EXERCISE AIM:
Repeat word for word the opening stretch of the entries, from the first line through the line containing "Close-up of cowl".

INFORMATION:

.....

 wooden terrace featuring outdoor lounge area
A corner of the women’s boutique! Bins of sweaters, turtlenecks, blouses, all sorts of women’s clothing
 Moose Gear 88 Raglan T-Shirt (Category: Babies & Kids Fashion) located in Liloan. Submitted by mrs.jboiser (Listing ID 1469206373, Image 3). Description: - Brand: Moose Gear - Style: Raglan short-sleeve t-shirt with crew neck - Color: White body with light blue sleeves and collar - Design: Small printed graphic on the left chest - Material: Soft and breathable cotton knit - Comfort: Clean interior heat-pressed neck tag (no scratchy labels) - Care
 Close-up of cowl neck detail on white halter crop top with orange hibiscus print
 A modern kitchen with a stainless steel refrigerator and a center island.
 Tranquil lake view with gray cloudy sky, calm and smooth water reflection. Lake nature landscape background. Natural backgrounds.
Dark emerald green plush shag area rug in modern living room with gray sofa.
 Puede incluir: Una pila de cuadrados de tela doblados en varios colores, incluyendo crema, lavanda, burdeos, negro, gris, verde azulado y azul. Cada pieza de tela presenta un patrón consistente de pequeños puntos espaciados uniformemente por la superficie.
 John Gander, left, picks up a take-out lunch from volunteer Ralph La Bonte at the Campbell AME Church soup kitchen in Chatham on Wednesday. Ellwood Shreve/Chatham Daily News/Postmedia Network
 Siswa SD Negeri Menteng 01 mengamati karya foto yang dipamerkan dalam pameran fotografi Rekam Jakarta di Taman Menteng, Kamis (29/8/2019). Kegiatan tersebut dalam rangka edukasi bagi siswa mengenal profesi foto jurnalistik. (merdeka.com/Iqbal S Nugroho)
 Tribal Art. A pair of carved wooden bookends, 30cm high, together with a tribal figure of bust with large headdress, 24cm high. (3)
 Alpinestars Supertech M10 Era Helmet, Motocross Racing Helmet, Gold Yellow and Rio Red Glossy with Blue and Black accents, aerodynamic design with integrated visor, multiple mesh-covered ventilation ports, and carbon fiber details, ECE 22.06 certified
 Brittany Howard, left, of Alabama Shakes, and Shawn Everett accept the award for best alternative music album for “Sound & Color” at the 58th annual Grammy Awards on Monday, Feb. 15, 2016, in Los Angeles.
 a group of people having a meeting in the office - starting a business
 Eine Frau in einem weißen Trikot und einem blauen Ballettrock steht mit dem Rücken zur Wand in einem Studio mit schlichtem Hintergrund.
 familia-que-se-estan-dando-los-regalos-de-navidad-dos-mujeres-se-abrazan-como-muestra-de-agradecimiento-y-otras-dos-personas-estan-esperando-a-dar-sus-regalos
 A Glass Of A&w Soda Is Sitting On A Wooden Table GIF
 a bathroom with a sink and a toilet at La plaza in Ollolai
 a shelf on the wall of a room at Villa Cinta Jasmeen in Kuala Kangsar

.....

TASK RESULT:
 wooden terrace featuring outdoor lounge area
A corner of the women’s boutique! Bins of sweaters, turtlenecks, blouses, all sorts of women’s clothing
 Moose Gear 88 Raglan T-Shirt (Category: Babies & Kids Fashion) located in Liloan. Submitted by mrs.jboiser (Listing ID 1469206373, Image 3). Description: - Brand: Moose Gear - Style: Raglan short-sleeve t-shirt with crew neck - Color: White body with light blue sleeves and collar - Design: Small printed graphic on the left chest - Material: Soft and breathable cotton knit - Comfort: Clean interior heat-pressed neck tag (no scratchy labels) - Care
 Close-up of cowl neck detail on white halter crop top with orange hibiscus print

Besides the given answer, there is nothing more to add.